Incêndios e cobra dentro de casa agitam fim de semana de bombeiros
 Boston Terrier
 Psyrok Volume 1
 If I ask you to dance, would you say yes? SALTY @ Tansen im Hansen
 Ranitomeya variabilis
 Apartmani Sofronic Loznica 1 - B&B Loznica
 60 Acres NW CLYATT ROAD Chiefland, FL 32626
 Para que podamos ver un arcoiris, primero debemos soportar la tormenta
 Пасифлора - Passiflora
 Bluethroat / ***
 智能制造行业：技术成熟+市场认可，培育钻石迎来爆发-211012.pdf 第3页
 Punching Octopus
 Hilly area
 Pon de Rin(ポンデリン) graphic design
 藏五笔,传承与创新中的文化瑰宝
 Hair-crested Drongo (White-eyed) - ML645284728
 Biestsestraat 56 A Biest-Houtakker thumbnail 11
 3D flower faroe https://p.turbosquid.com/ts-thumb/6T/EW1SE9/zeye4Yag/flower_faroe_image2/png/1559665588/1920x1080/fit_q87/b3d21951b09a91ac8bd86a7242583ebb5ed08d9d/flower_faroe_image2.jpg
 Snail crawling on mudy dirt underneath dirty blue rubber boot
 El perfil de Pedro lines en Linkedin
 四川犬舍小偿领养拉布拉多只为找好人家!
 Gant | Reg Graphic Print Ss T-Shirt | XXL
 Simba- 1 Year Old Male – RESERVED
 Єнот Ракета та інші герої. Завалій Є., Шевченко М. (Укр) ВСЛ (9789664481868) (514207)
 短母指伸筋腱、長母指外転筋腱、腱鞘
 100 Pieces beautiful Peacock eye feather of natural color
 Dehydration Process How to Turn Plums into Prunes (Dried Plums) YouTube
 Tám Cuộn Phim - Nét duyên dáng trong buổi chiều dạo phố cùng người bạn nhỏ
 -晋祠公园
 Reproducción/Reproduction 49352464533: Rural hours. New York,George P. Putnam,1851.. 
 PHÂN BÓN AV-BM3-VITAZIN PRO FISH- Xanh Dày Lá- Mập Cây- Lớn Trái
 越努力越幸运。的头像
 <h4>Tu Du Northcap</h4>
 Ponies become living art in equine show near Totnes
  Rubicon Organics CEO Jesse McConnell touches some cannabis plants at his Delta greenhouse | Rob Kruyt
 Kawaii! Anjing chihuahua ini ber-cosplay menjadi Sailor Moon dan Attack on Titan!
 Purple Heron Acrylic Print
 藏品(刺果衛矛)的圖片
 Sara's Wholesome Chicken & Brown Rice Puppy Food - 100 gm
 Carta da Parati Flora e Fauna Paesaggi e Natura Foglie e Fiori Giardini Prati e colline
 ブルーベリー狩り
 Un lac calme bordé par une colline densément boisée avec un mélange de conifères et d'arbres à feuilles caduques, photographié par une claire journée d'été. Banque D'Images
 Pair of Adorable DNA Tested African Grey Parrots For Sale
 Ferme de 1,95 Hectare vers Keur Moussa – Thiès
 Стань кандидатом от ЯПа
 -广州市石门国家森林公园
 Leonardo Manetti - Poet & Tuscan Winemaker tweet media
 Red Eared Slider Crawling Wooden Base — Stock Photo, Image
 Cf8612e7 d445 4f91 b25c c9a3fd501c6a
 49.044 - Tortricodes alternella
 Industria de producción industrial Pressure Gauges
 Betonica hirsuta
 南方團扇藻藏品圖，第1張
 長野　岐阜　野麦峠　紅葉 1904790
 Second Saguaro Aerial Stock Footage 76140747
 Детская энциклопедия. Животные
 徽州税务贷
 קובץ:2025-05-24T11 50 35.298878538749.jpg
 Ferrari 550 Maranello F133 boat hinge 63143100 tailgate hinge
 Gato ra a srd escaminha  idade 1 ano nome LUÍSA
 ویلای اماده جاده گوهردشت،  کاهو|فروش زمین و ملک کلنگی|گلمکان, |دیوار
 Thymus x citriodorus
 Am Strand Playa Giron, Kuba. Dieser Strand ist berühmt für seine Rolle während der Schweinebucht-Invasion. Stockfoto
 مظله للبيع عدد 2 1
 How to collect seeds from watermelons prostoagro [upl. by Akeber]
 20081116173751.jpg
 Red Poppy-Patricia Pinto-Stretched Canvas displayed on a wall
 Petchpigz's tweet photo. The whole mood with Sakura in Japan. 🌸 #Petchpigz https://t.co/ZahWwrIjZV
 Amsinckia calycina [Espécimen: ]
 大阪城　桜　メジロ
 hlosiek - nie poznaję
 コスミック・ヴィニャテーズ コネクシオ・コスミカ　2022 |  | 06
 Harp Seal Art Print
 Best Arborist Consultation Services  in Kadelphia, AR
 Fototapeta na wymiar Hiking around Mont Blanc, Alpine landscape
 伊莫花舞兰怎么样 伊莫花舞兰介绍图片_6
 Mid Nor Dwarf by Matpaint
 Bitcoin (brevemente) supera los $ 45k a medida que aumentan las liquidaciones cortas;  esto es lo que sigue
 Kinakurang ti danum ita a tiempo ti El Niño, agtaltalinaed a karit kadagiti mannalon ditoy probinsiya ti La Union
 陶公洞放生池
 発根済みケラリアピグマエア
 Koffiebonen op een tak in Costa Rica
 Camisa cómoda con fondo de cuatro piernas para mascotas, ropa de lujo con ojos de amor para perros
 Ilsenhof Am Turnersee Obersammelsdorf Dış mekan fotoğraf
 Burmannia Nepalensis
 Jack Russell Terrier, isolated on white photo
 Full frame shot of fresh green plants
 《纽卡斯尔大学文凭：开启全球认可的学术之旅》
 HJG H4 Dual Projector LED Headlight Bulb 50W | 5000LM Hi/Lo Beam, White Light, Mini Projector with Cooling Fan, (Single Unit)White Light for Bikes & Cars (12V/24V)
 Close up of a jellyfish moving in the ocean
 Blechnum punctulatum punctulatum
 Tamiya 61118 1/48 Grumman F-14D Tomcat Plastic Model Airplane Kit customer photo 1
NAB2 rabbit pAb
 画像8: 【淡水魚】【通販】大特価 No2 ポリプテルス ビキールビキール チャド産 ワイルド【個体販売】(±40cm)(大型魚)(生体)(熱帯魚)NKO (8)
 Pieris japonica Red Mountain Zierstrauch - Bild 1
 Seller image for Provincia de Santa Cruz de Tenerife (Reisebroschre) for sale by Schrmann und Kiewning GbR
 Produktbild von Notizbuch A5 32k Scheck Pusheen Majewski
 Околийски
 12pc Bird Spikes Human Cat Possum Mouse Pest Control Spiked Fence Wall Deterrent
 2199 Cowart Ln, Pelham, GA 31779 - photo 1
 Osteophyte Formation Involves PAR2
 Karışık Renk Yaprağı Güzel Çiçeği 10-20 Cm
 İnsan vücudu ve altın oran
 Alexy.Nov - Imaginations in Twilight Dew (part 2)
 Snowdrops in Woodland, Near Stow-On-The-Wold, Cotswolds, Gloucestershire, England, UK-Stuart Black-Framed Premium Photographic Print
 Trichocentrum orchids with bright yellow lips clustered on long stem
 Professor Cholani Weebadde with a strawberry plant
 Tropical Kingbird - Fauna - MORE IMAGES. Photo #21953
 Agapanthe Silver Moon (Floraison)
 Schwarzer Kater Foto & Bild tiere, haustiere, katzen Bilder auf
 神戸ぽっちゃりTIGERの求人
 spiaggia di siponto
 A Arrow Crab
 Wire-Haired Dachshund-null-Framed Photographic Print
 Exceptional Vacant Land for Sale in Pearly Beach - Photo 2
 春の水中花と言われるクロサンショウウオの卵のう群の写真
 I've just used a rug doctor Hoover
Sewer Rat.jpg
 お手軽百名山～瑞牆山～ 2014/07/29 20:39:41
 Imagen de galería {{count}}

________________

Problem to solve: From the records above, copy out the line with "hlosiek - nie poznaję", the line with "Pieris japonica Red", and every line between them, word for word.

Final answer:
 hlosiek - nie poznaję
 コスミック・ヴィニャテーズ コネクシオ・コスミカ　2022 |  | 06
 Harp Seal Art Print
 Best Arborist Consultation Services  in Kadelphia, AR
 Fototapeta na wymiar Hiking around Mont Blanc, Alpine landscape
 伊莫花舞兰怎么样 伊莫花舞兰介绍图片_6
 Mid Nor Dwarf by Matpaint
 Bitcoin (brevemente) supera los $ 45k a medida que aumentan las liquidaciones cortas;  esto es lo que sigue
 Kinakurang ti danum ita a tiempo ti El Niño, agtaltalinaed a karit kadagiti mannalon ditoy probinsiya ti La Union
 陶公洞放生池
 発根済みケラリアピグマエア
 Koffiebonen op een tak in Costa Rica
 Camisa cómoda con fondo de cuatro piernas para mascotas, ropa de lujo con ojos de amor para perros
 Ilsenhof Am Turnersee Obersammelsdorf Dış mekan fotoğraf
 Burmannia Nepalensis
 Jack Russell Terrier, isolated on white photo
 Full frame shot of fresh green plants
 《纽卡斯尔大学文凭：开启全球认可的学术之旅》
 HJG H4 Dual Projector LED Headlight Bulb 50W | 5000LM Hi/Lo Beam, White Light, Mini Projector with Cooling Fan, (Single Unit)White Light for Bikes & Cars (12V/24V)
 Close up of a jellyfish moving in the ocean
 Blechnum punctulatum punctulatum
 Tamiya 61118 1/48 Grumman F-14D Tomcat Plastic Model Airplane Kit customer photo 1
NAB2 rabbit pAb
 画像8: 【淡水魚】【通販】大特価 No2 ポリプテルス ビキールビキール チャド産 ワイルド【個体販売】(±40cm)(大型魚)(生体)(熱帯魚)NKO (8)
 Pieris japonica Red Mountain Zierstrauch - Bild 1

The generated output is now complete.